Vol. 73/No. 13      April 6, 2009

 
Toronto arts festival to honor
Cuban Five revolutionaries
(front page)
 
BY MICHEL DUGRÉ  
MONTREAL—The "First International Festival of Poetry of Resistance in Honor of the Cuban Five" will take place in Toronto, April 24-30. The five are Cuban revolutionaries who have been unjustly held in U.S. prisons for the past decade, framed up on charges of "conspiracy to commit espionage," and in one case "conspiracy to commit murder."

Among the many poets attending the festival will be Ataol Behramoglu from Turkey. He served 10 years in prison in the early 1980s for his alleged activities in the Turkish Peace Committee. Nancy Morejon and Orlando Silverio will participate from Cuba, as will Te Kupu, a Maori poet from New Zealand; Gilles Dossou-Gouin from Norway; Esther Celis from Colombia; Allison Hedge Coke, from the United States; Gary Geddes, from Victoria, British Columbia; and other poets and musicians from elsewhere in Canada. A theater company from the National Autonomous University of Mexico will also attend.

The Cuban Five—Antonio Guerrero, Gerardo Hernández, Ramón Labañino, Fernando González, and René González—have been locked up since September 1998. At the time of their arrests in Miami they were gathering information on right-wing Cuban exile groups that carried out violent attacks on Cuba with Washington's complicity.

The festival opens April 24 with a gala of poetry and music. The following day will feature panel discussions on topics such as the role of poets in political and social resistance and "The Law As a Weapon: the Cuban Five, Pakistan, the U.S. and Canada." That day will end with a "Homage to Poets of Resistance Past."

Throughout the following days, events will take place all around Toronto, in churches, community centers, the Toronto Women’s Bookstore, and other locations.

On April 26 there will be a poetry reading and music with the Krittibas Bengali Literary Group. Later that day the South Asian People’s Forum hosts the Faiz Peace Festival, honoring the prominent Pakistani poet Faiz Ahmed Faiz. He was arrested in 1951 and spent four years in prison, charged with conspiring to carry out a coup.
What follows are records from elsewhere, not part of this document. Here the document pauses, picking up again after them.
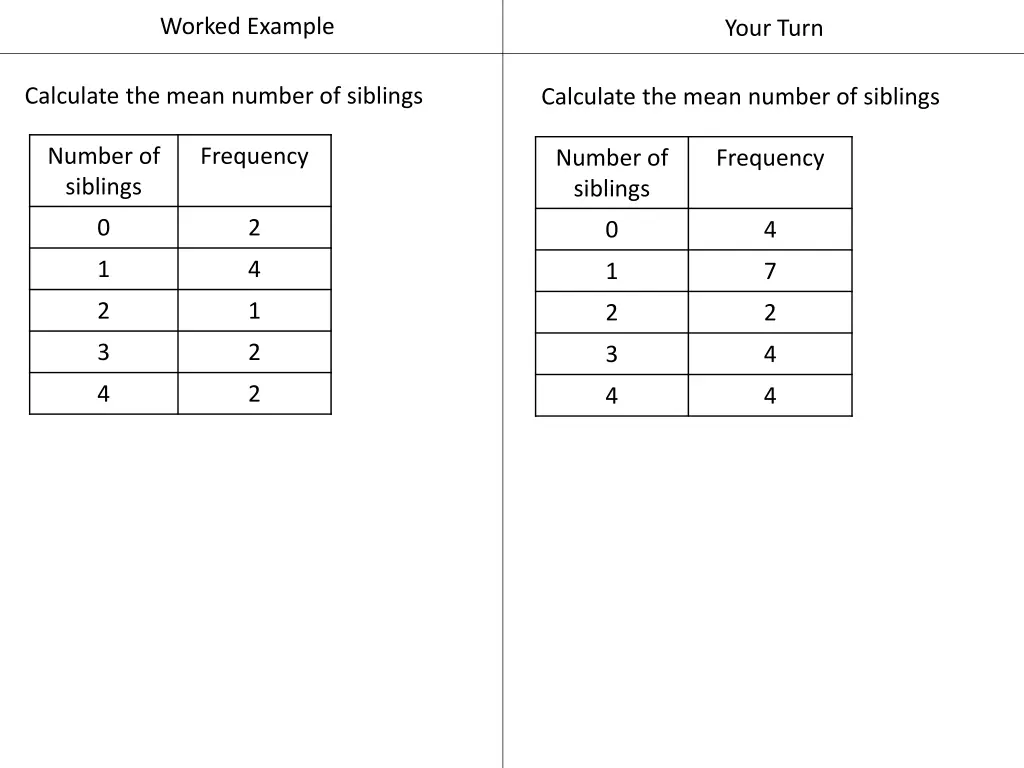 worked example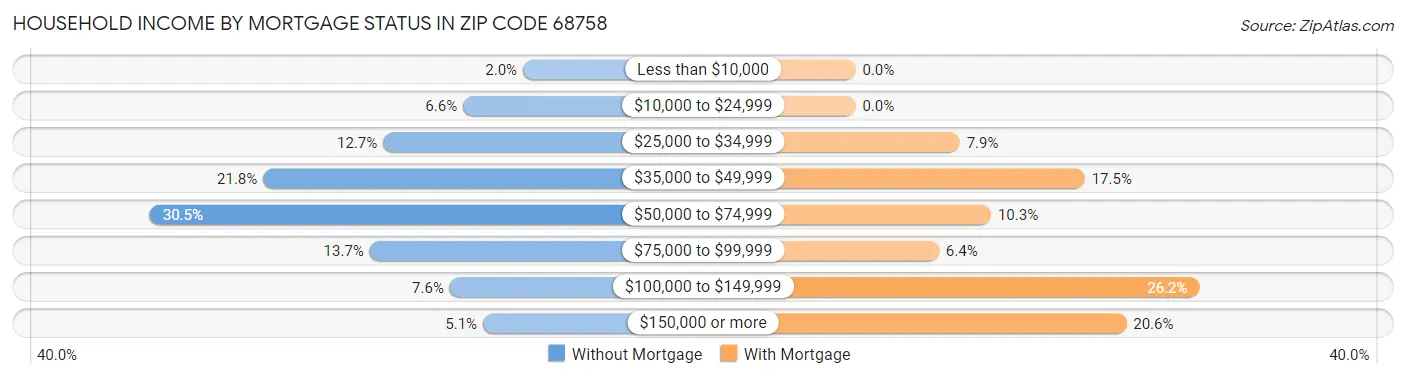 Household Income by Mortgage Status in Zip Code 68758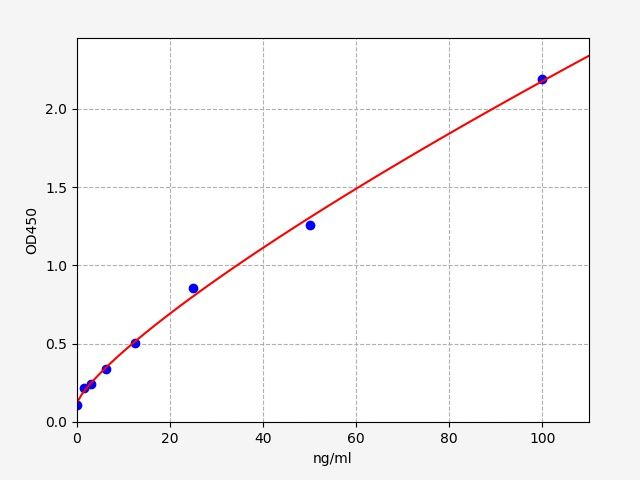 EU6240 Standard Curve Image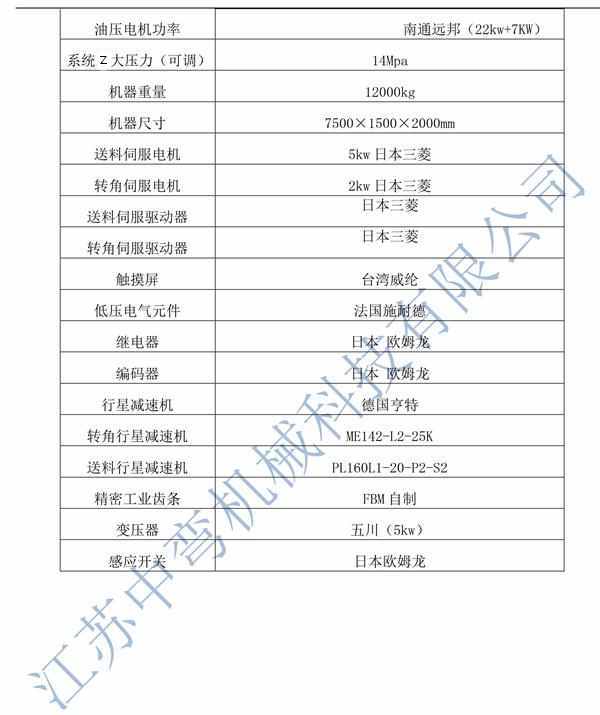 全自動彎管機130CNC-2A-1S技術參數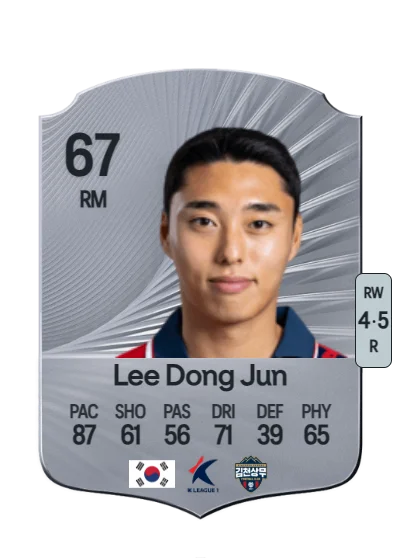 Dong Jun Lee card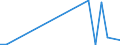 Flow: Exports / Measure: Values / Partner Country: World / Reporting Country: Slovakia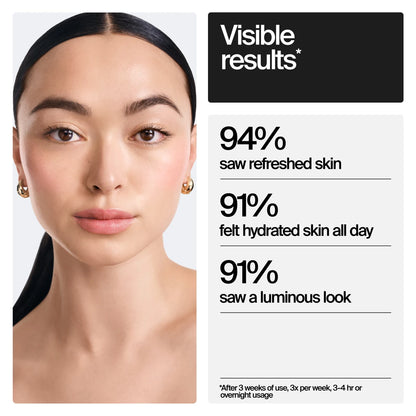 Neutrogena® Collagen Bank Glass Skin Mask, 4 Count - US 4199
His daughter, Muneeza Hashmi, is trying to get a visa from the Canadian government to participate in the festival.

On April 28 is a cartoon exhibit by the Art Service Union, which will include cartoons by Gerardo Hernández.

On April 29 there will be a celebration of the 50th anniversary of the Cuban Revolution, with funds raised going to the Hurricane Fund for Cuba.

The festival is being prepared through 10 pre-festival events, including a reading and music evening March 24, for which the Davenport-Perth Neighborhood Center has issued a call for local residents to participate.